◆ Your task ◆
Output each line of the data below exactly, omitting any image.

◆ Dataset content ◆

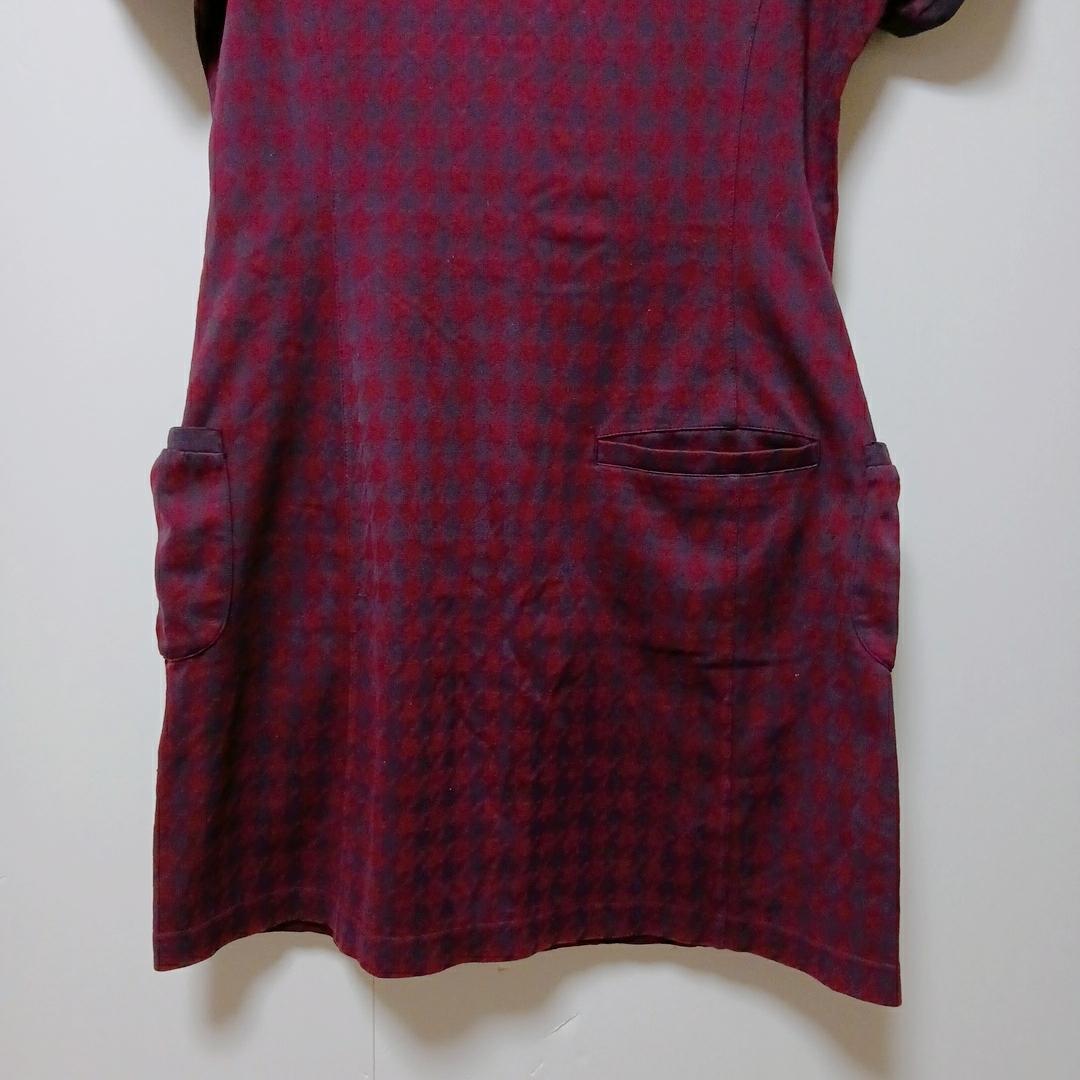 Adabat Houndstooth Full Zip Golf Dress, Bordeaux, M Size, Popular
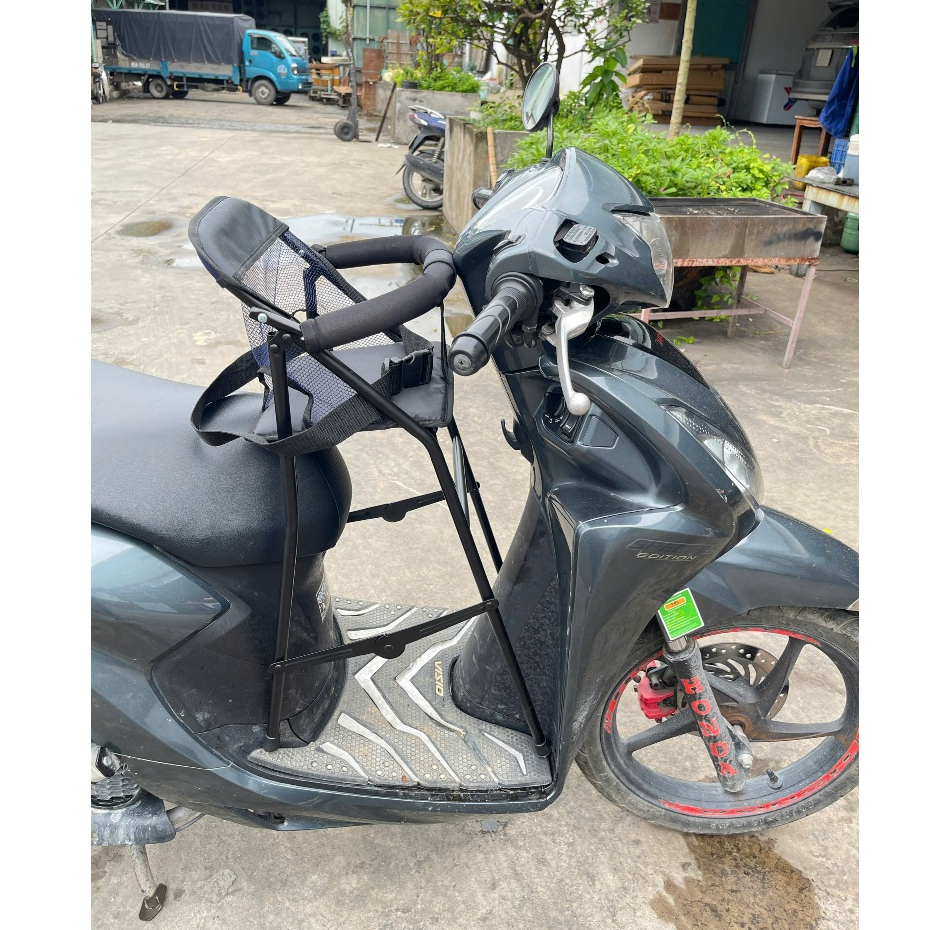 [ KHUNG ĐEN  KÈM DÂY ] Ghế ngồi xe tay ga sắt sơn tĩnh điện đen , an toàn cho bé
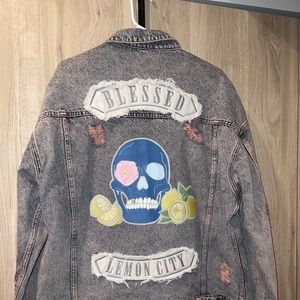 Authentic Alchemist Blessed Lemon City Distressed Denim Jacket Size XL
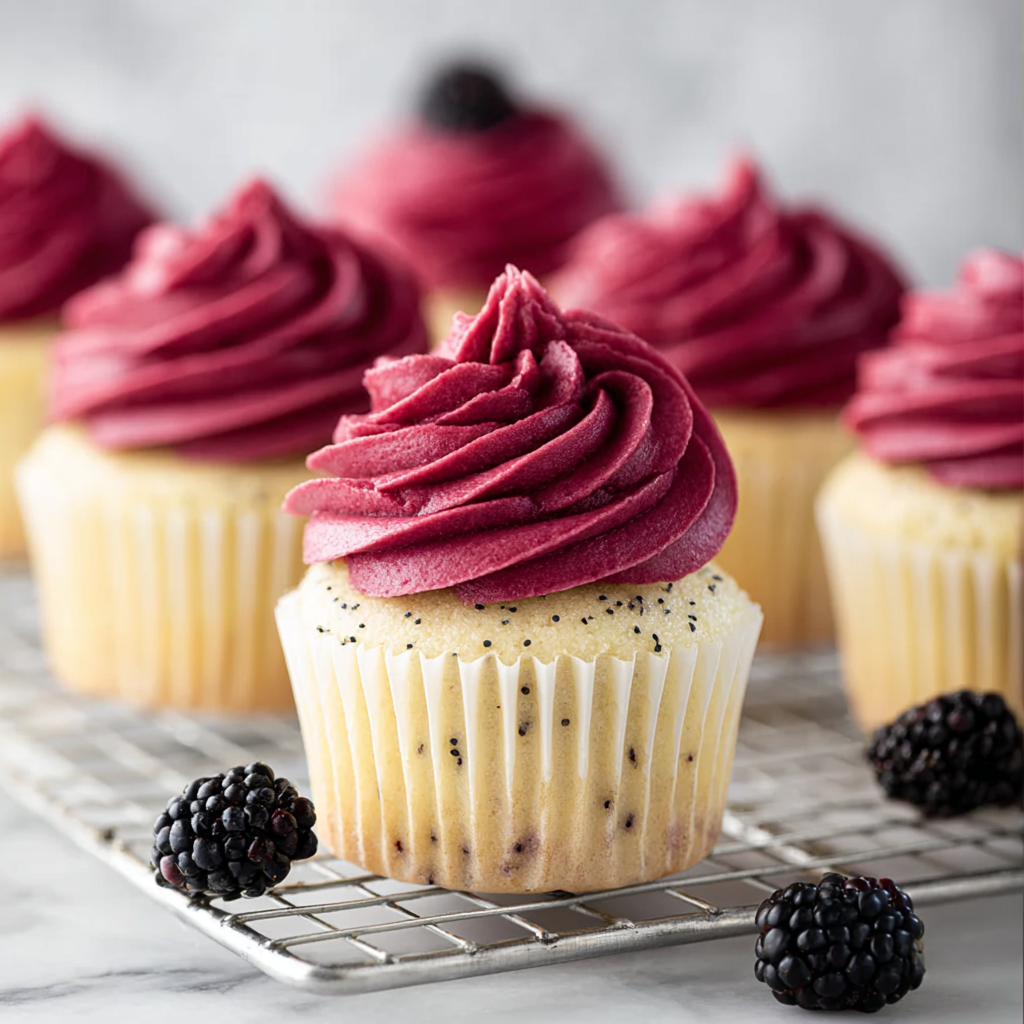 Lemon Poppy Seed Cupcakes with Blackberry Frosting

◆ Solution for this problem ◆
 Adabat Houndstooth Full Zip Golf Dress, Bordeaux, M Size, Popular
 [ KHUNG ĐEN  KÈM DÂY ] Ghế ngồi xe tay ga sắt sơn tĩnh điện đen , an toàn cho bé
 Authentic Alchemist Blessed Lemon City Distressed Denim Jacket Size XL
 Lemon Poppy Seed Cupcakes with Blackberry Frosting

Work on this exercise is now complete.